**Data section:**

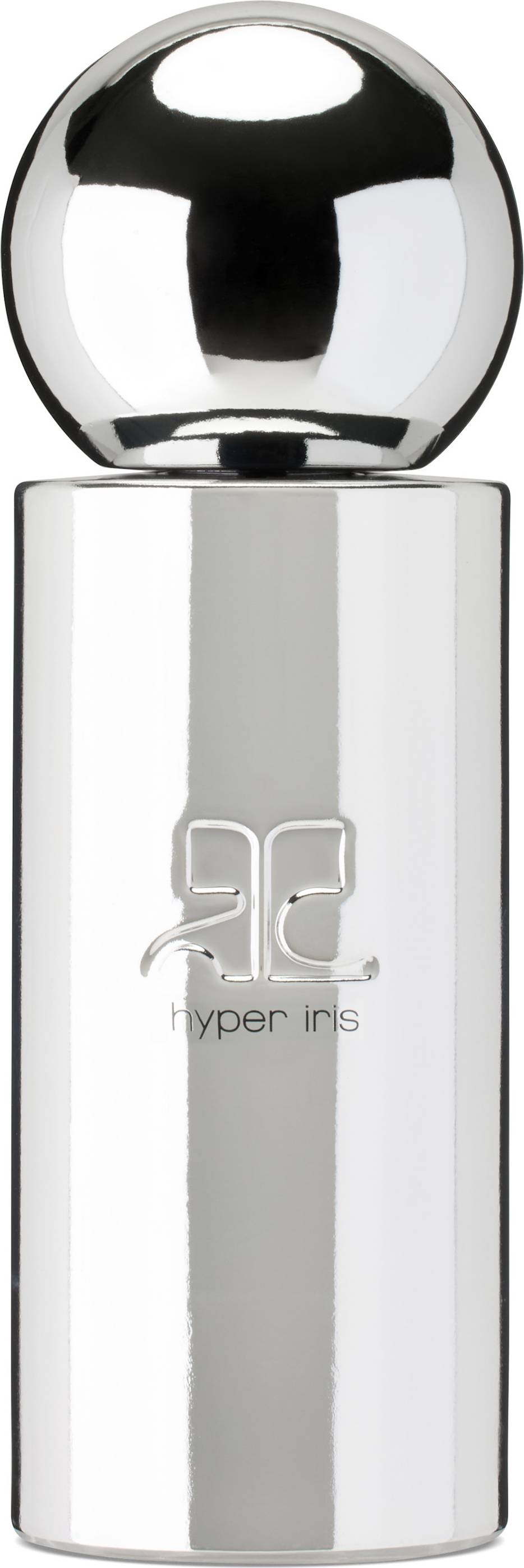 Hyper Iris EdP 100ml
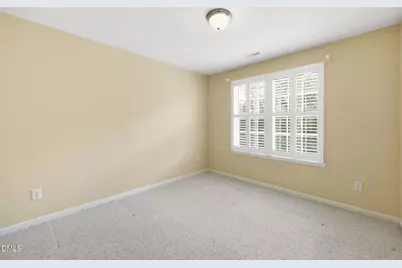 4304 Brynwood Avenue, Durham, NC 27713 - Photo 22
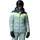 Peak II Damen Skijacke blau L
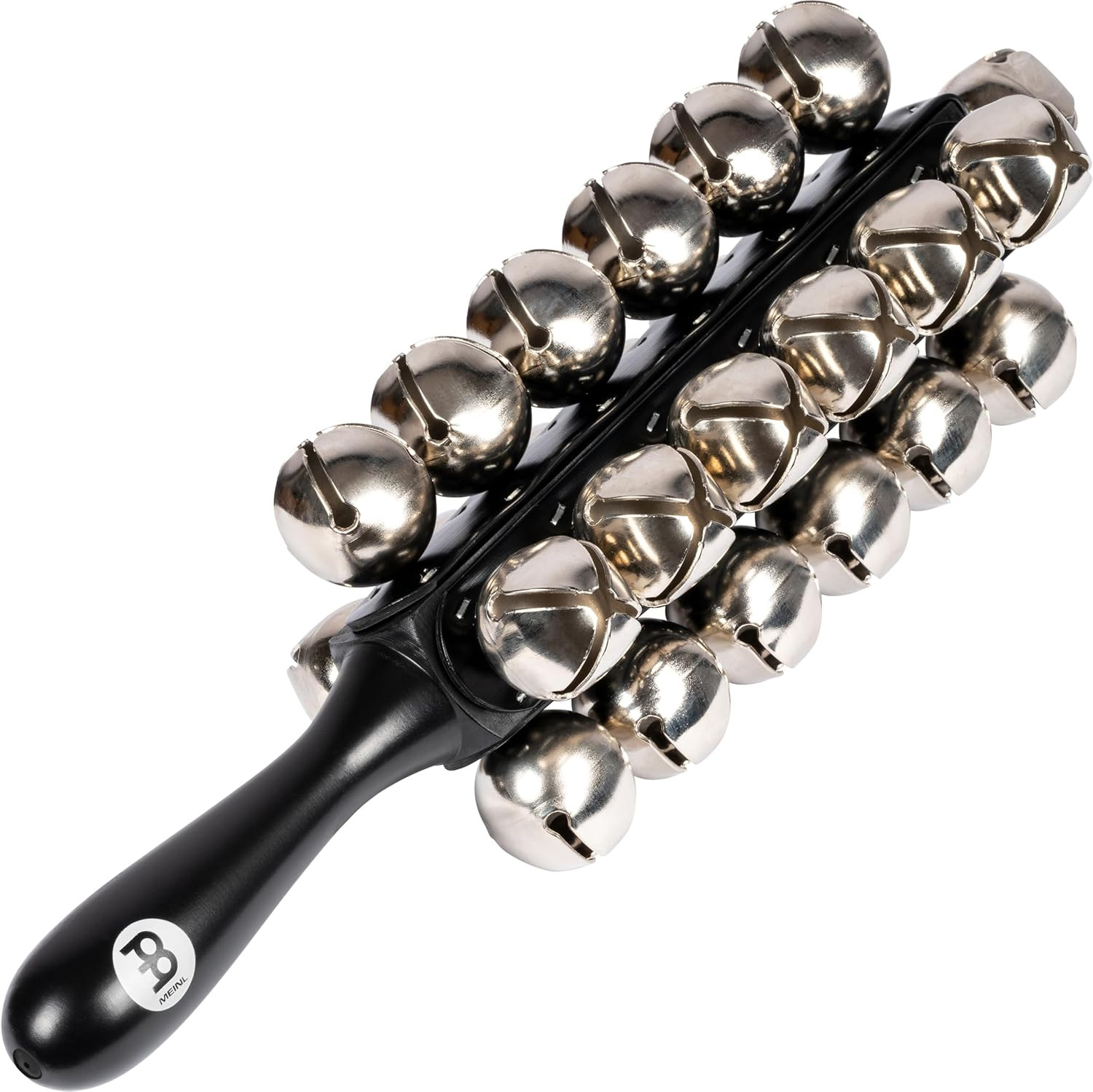 SLB25 Hand Sleigh Bells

**Exercise brief:**
Restate all of the material word for word. Keep out every picture.

**Answer to this exercise:**
 Hyper Iris EdP 100ml
 4304 Brynwood Avenue, Durham, NC 27713 - Photo 22
 Peak II Damen Skijacke blau L
 SLB25 Hand Sleigh Bells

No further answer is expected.